→ **Data to process**:
-----

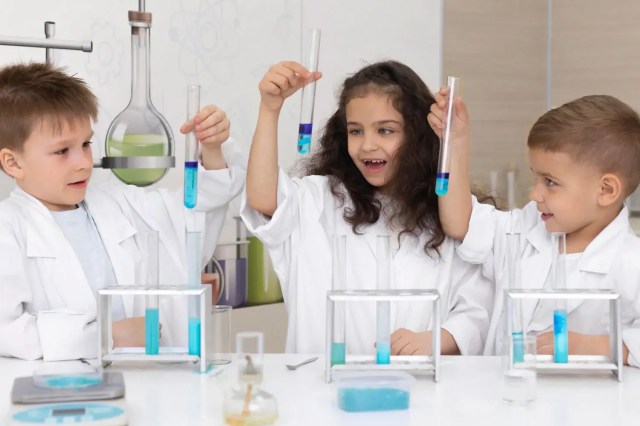 one-of-factors-to-consider-when-choosing-a-school-is-facilities One of factors to consider when choosing a school is facilities.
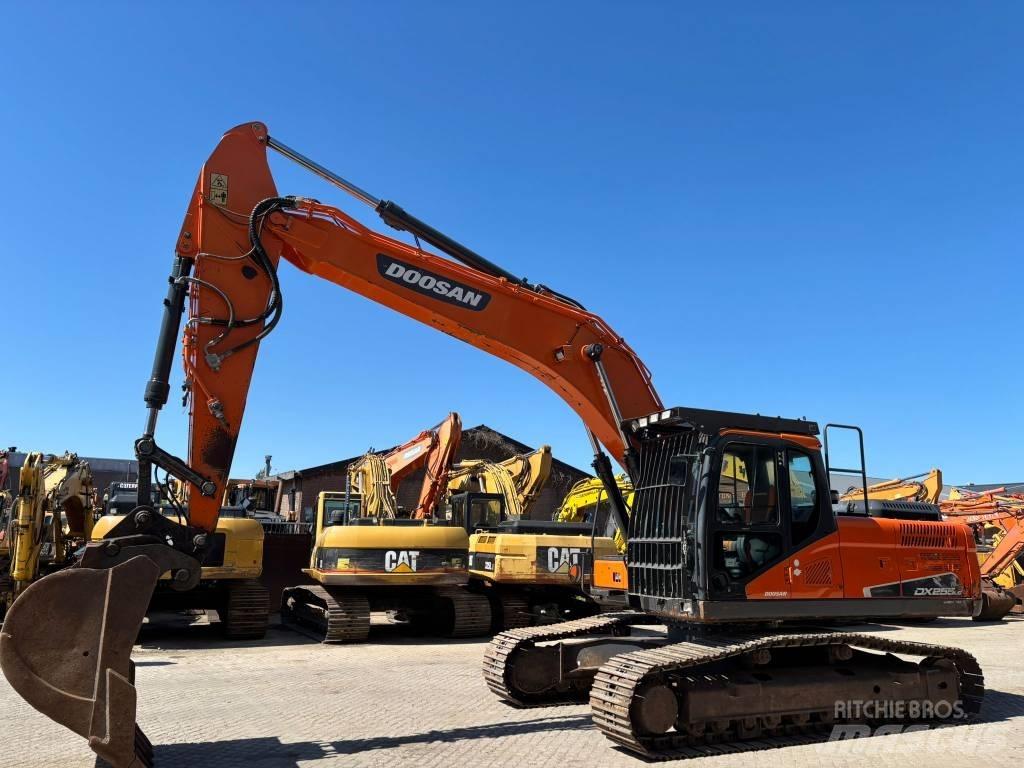 Doosan DX 255 NLC-5 Lánctalpas kotrók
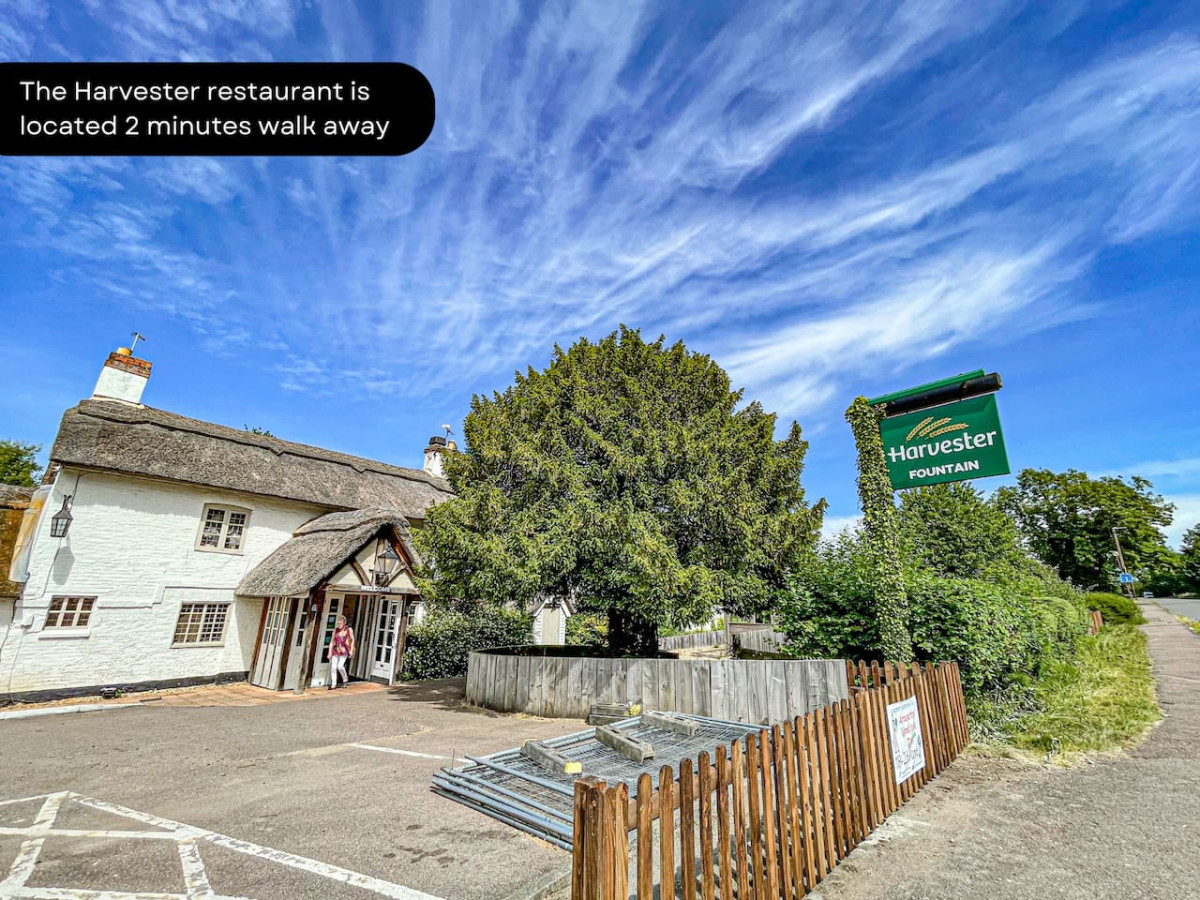 Loughton House • Prime Location • Driveway Parking • Smart TVs • Super-Fast WiFi • Garden in 62 London Road - Property image 32 - VivreStays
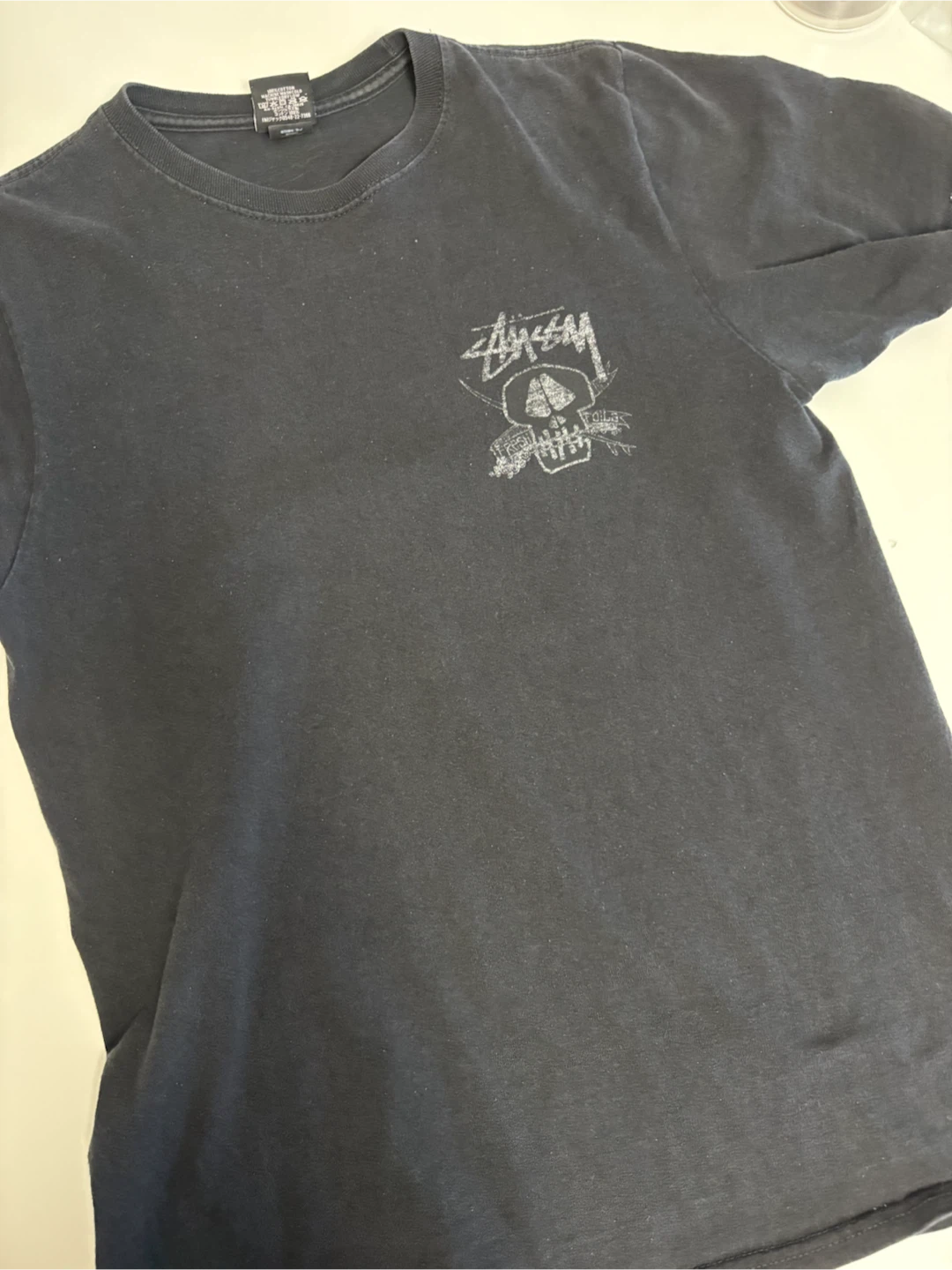 Stüssy Graphic T-Shirt ( small size) - photo 3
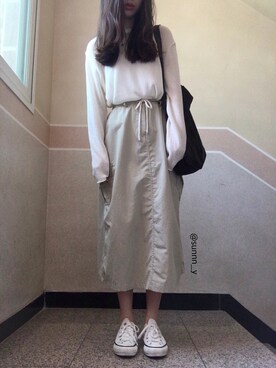 「CONVERSE（コンバース）のアイテム（シューズ、ブラック系）」を使った、sunnn__yさん（レディース・163cm）の春コーディネート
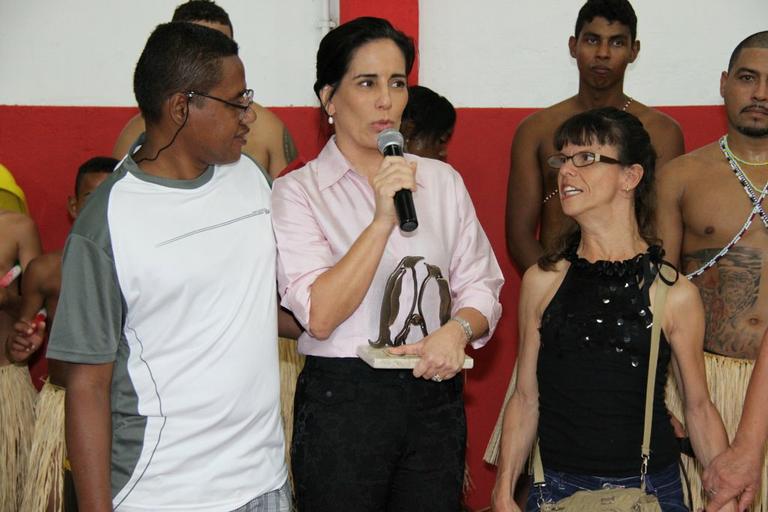 Gloria Pires em prêmio de escola de samba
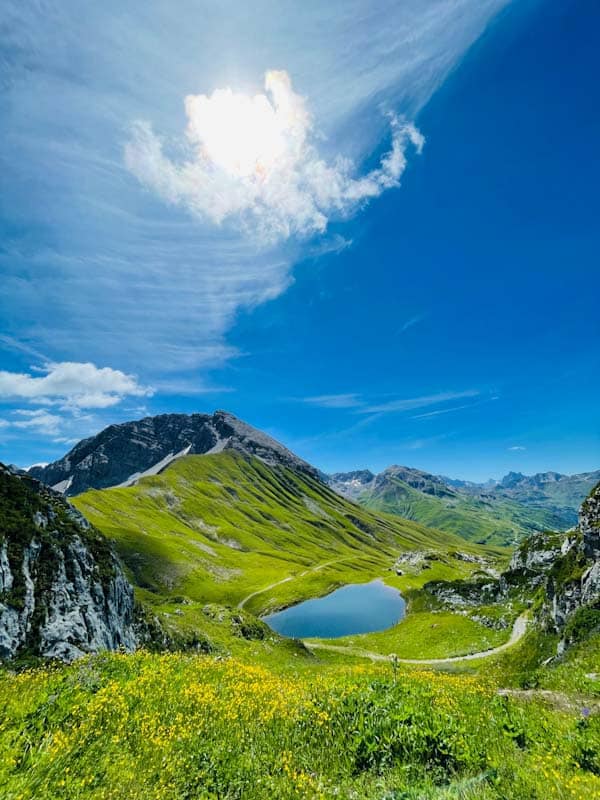 Symbolbild Sommerfrische in Lech am Arlberg: sommerliche Berglandschaft mit Bergsee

-----

→ **Exercise description**: Copy word for word the lines above, starting at the line containing "Doosan DX 255 NLC-5 Lánctalpas kotrók" and ending at the line containing "Gloria Pires em prêmio de escola de samba", inclusive, with no pictures.

→ **Result for this exercise**:
 Doosan DX 255 NLC-5 Lánctalpas kotrók
 Loughton House • Prime Location • Driveway Parking • Smart TVs • Super-Fast WiFi • Garden in 62 London Road - Property image 32 - VivreStays
 Stüssy Graphic T-Shirt ( small size) - photo 3
 「CONVERSE（コンバース）のアイテム（シューズ、ブラック系）」を使った、sunnn__yさん（レディース・163cm）の春コーディネート
 Gloria Pires em prêmio de escola de samba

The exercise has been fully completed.